Electronic structure methods and nonperturbative resonance theory are applied to study the radiative and radiationless decay mechanisms of the MgBr (A ^{2}Π_{Ω}) vibrational levels. The X ^{2}Σ^{+} and 1,2 ^{2}Π_{Ω} adiabatic electronic states are characterized using ab initio state-averaged multiconfigurational self-consistent field/second order configuration interaction wave functions. Interstate derivative couplings between the ^{2}Π states have been calculated and used to construct a rigorous diabatic basis. The nonrelativistic potential energy curves are modified in the first order of degenerate perturbation theory to take account of the spin-orbit interactions treated within Breit-Pauli approximation.
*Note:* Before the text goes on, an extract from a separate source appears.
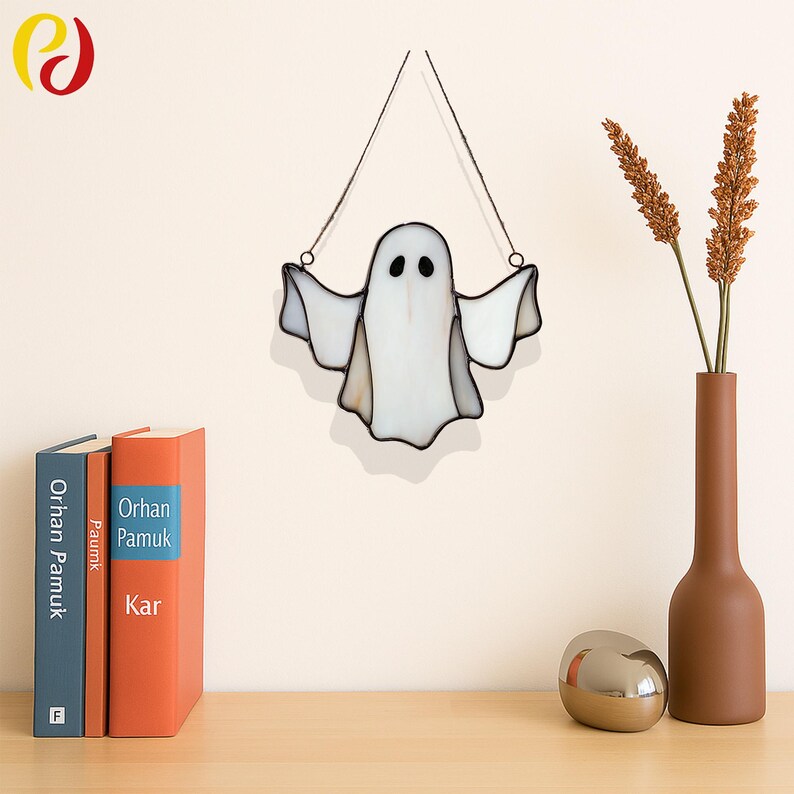May include: A white and clear stained glass ghost decoration with black eyes and outstretched arms, hanging from a thin wire. The Halloween-themed decor is displayed against a neutral wall, with a vase of dried flowers and books on a wooden surface.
All vibrational levels in the A ^{2}Π_{Ω} manifold are resonances predissociated by the repulsive 2 ^{2}Π state. A recently developed computational approach [S. Han and D. R. Yarkony, Mol. Phys. 88, 53 (1996)] based on a Feshbach formalism is employed to determine energies, linewidths, and radiative and radiationless decay rates in a coupled diabatic states basis within a Hund's case (a) approximation. Large nonadiabatic interactions cause significant energy shifts in the resonances levels. It is shown that a pronounced Ω-dependence in the radiationless decay rates results from the large fine structure splitting in the 2 ^{2}Π_{Ω} diabatic state which corresponds to Mg(^{1}S)Br(^{2}P). Comparisons with absorption and fluorescence spectra reveal important insights into A ^{2}Π_{Ω} state decay. The spectroscopic constants of the A ^{2}Π_{Ω}, Ω=3/2 and 1/2 states and the A ^{2}Π_{3/2} state predissociation are well described in a Hund's case (a) approximation. However it is found that the A ^{2}Π_{1/2} state predissociation is significantly underestimated in this limit. Rather the A ^{2}Π_{1/2} state is indirectly predissociated by the 2 ^{2}Π_{3/2} state through rotational coupling to the A ^{2}Π_{3/2} state.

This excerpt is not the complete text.